Assignment -
Word for word, copy out the entries below, but not the pictures in them.

==================================================

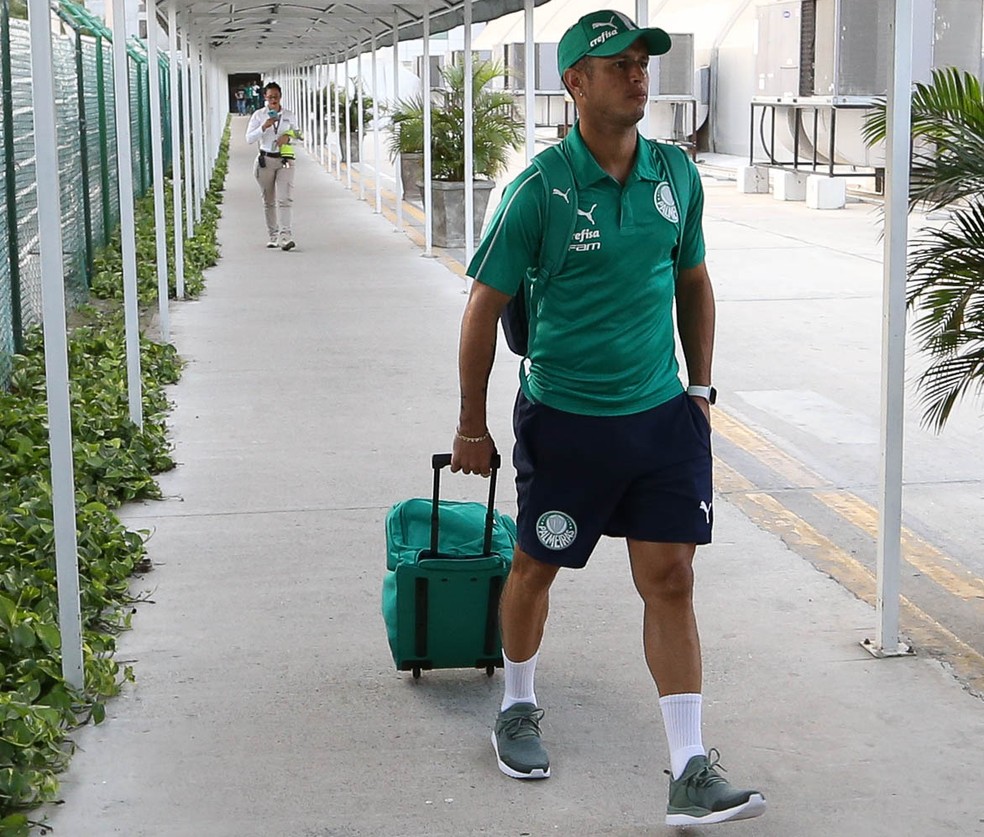 [ENQUETE] Para você, Guerra terá um bom desempenho no Bahia e voltará bem ao Palmeiras?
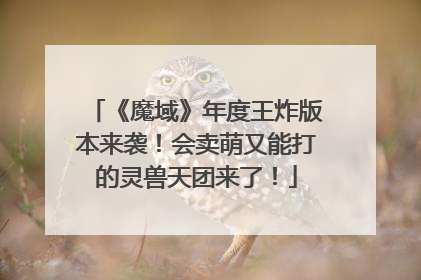 《魔域》年度王炸版本来袭！会卖萌又能打的灵兽天团来了！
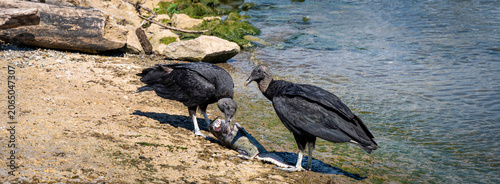 Schilderij op canvas Black vulture scavenging at the shoreline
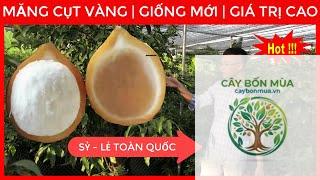 cây măng cụt vàng - Image 5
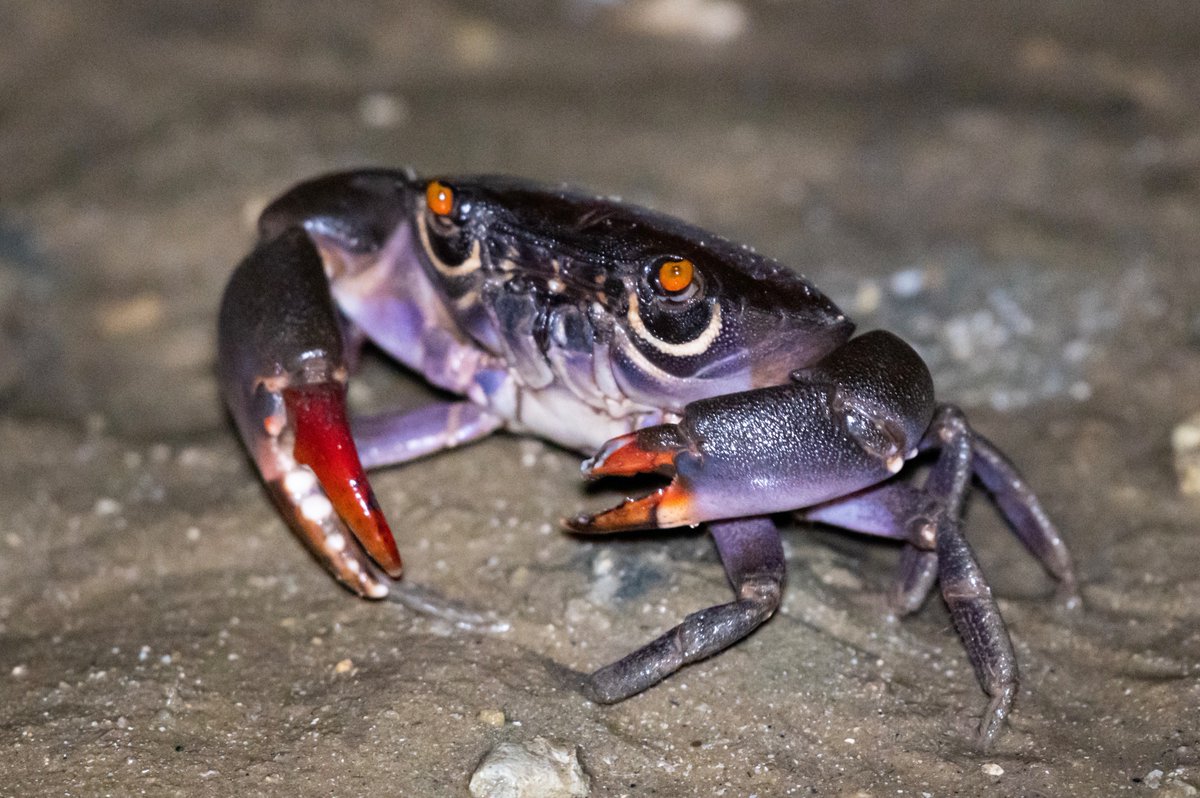 クマドリオウギガニ。カニ界で一番カッコいいかも。 #クマドリ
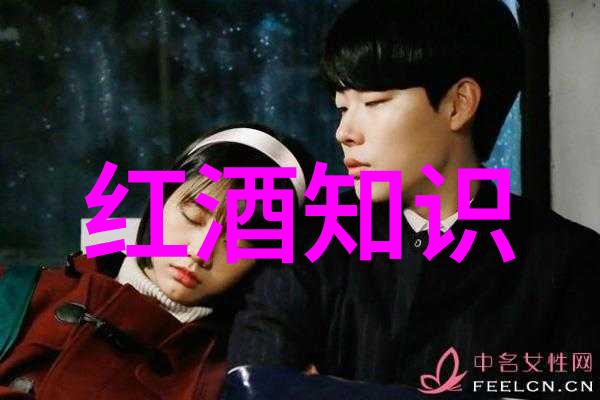在阿根廷门多萨产区的壮丽风光中里斯特哈克产区如同一颗璀璨的钻石闪耀着独特的韵味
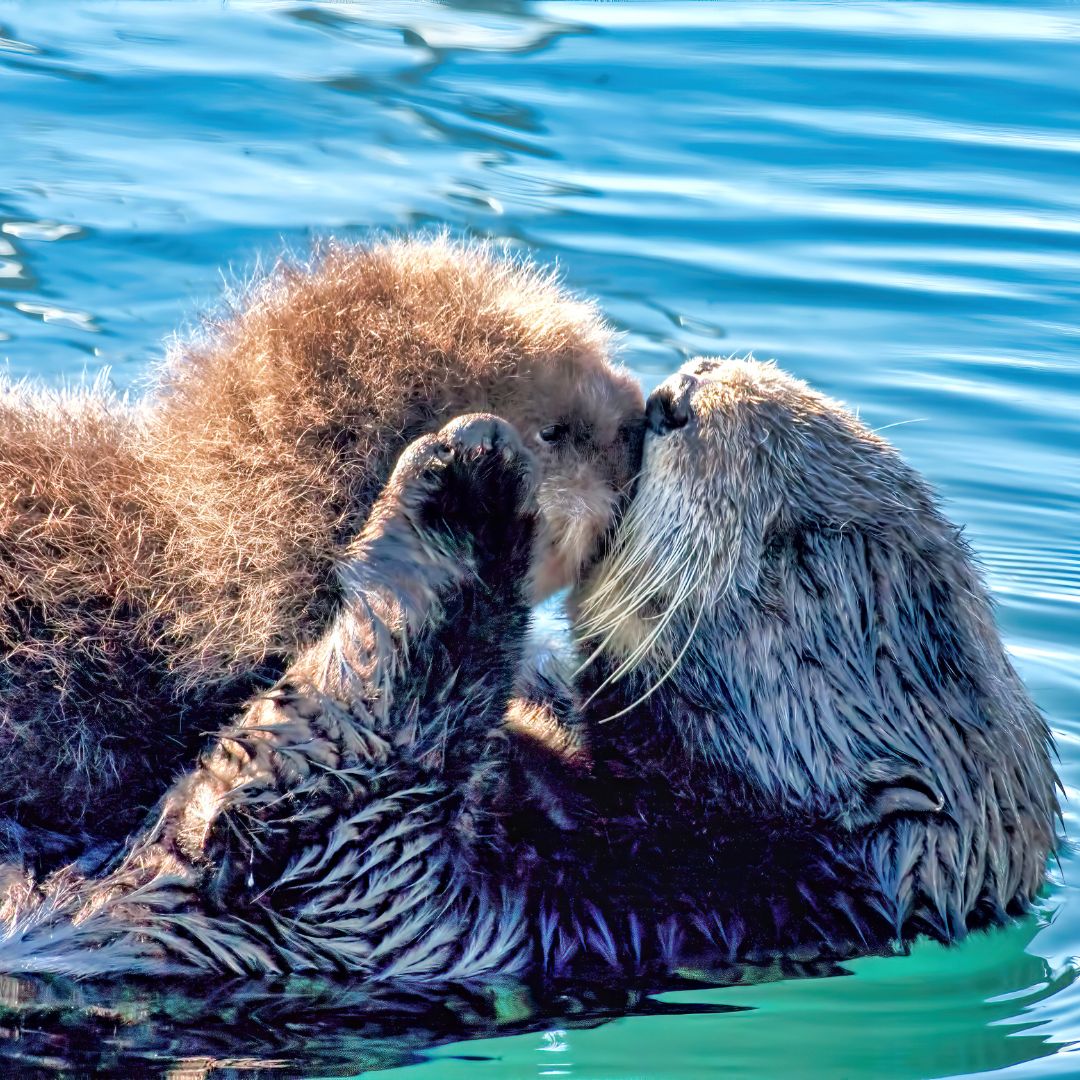 🦦爱牵手手睡觉的海獭，也是顶级贝类杀手； 🦦勤于洗脸洗手的水獭，长年在新加坡上演家族火拼。 水獭亚科包括13个物种，这些宝宝们普遍自带反差萌🐾🌿  它们对水质和栖息地要求很高，这也使其在全球范围内濒危或生存受威胁。 #世界水獭日，我们一起关注#, image size:1080x1080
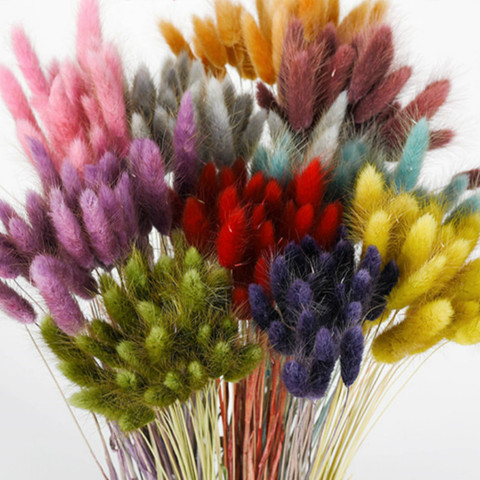 30 Uds Vintage Color DE macarrón cola de conejo hierba decorativa flores secas para florero fiesta en casa decoración arreglo Floral ► Foto 1/6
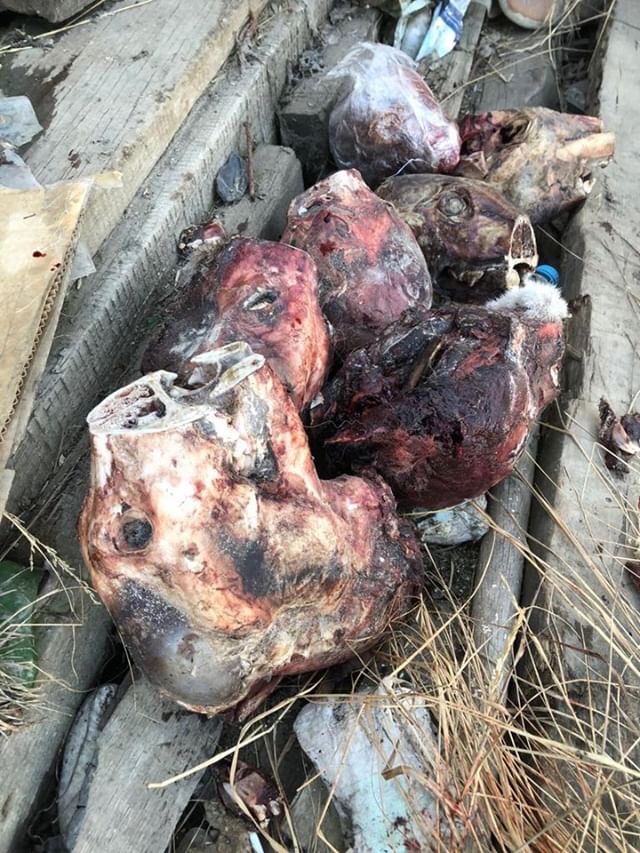 Полиция проводит проверку по факту обнаружения отрезанных собачьих голов в Якутске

==================================================

Exercise result -
 [ENQUETE] Para você, Guerra terá um bom desempenho no Bahia e voltará bem ao Palmeiras?
 《魔域》年度王炸版本来袭！会卖萌又能打的灵兽天团来了！
 Schilderij op canvas Black vulture scavenging at the shoreline
 cây măng cụt vàng - Image 5
 クマドリオウギガニ。カニ界で一番カッコいいかも。 #クマドリ
在阿根廷门多萨产区的壮丽风光中里斯特哈克产区如同一颗璀璨的钻石闪耀着独特的韵味
 🦦爱牵手手睡觉的海獭，也是顶级贝类杀手； 🦦勤于洗脸洗手的水獭，长年在新加坡上演家族火拼。 水獭亚科包括13个物种，这些宝宝们普遍自带反差萌🐾🌿  它们对水质和栖息地要求很高，这也使其在全球范围内濒危或生存受威胁。 #世界水獭日，我们一起关注#, image size:1080x1080
 30 Uds Vintage Color DE macarrón cola de conejo hierba decorativa flores secas para florero fiesta en casa decoración arreglo Floral ► Foto 1/6
 Полиция проводит проверку по факту обнаружения отрезанных собачьих голов в Якутске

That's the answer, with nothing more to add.